- Military career
- Allegiance: United Kingdom
- Branch: British Army
- Rank: Brigadier
- Commands: Military commander for Wales, Commander of 160th Welsh Brigade, head of army in Wales. Commander South West for The British Army (–2020)
- Awards: CBE

= Andrew Dawes (brigadier) =

British Army officer

Brigadier Andrew Dawes CBE is a senior British Army officer, serving as Military commander for Wales, commander of the 160th Welsh Brigade and head of the British army in Wales.

== Career ==
Dawes "attended Oswestry School between the years of 1983 and 1986 before he left to attend the University of Lancaster". Before becoming commander for Wales, he was the military commander for South West England until 2020. He was awarded a CBE in 2020, partly due to his leadership in the military support during the poisoning of Sergei and Yulia Skripal in Salisbury, England.

=== Exercise Cambrian Patrol ===
Discussing the Exercise Cambrian Patrol, Dawes stated that he is "thrilled the exercise is back" and:

"The format remains focused on the battle craft syllabus to an annual training test standard," he said.

"One may think this sounds simple, but you would be quite wrong."

=== Support of NHS in Wales during the Covid Pandemic ===
The Welsh Ambulance Service thanked the Armed Forces in Wales for its support through the Coronavirus pandemic. On the 12th of May 2021, the Welsh Ambulance Trust presented a plaque to Dawes CBE as a token of its appreciation.
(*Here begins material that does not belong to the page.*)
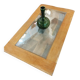 table basse vintage en chêne massif double plateteau verre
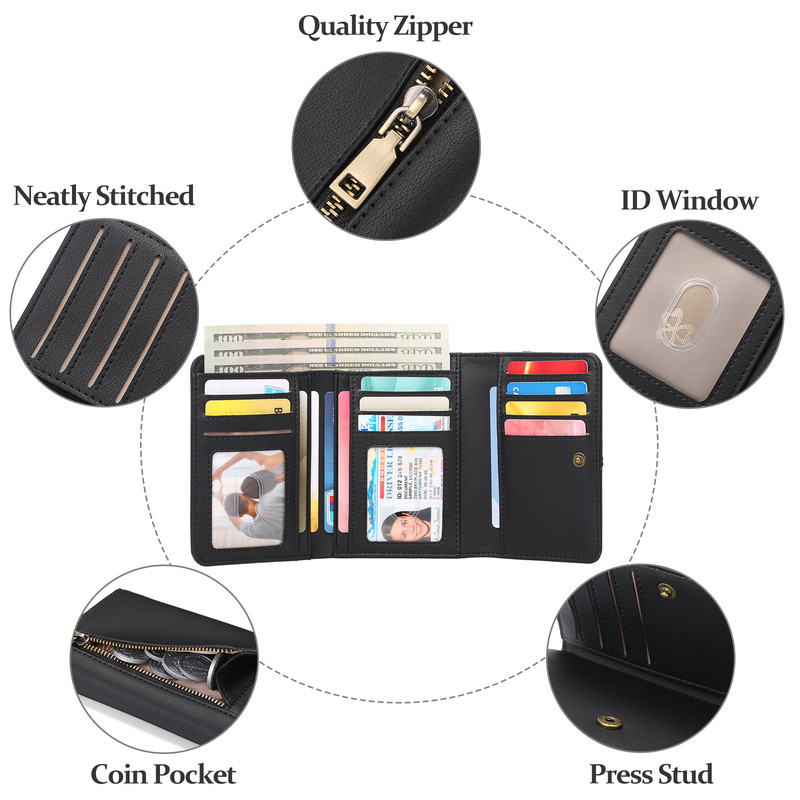 GAEKEAO Women's RFID Blocking Leather Trifold Wallet photo 3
=== Support of Welsh Barracks ===
In response to the announcement in 2021 that Cawdor Barracks in Pembrokeshire will not be closed until 2028 and that the revamped Caerwent Barracks will house the Welsh Cavalry from 2028, Dawes said “We will welcome the Welsh Cavalry and an additional infantry unit to a new, purpose-built barracks in South Wales as well as a new sub-unit of 3 Royal Welsh in Wrexham. These adjustments strengthen our presence across Wales and underlines the importance of Wales to the Army and to the wider UK”.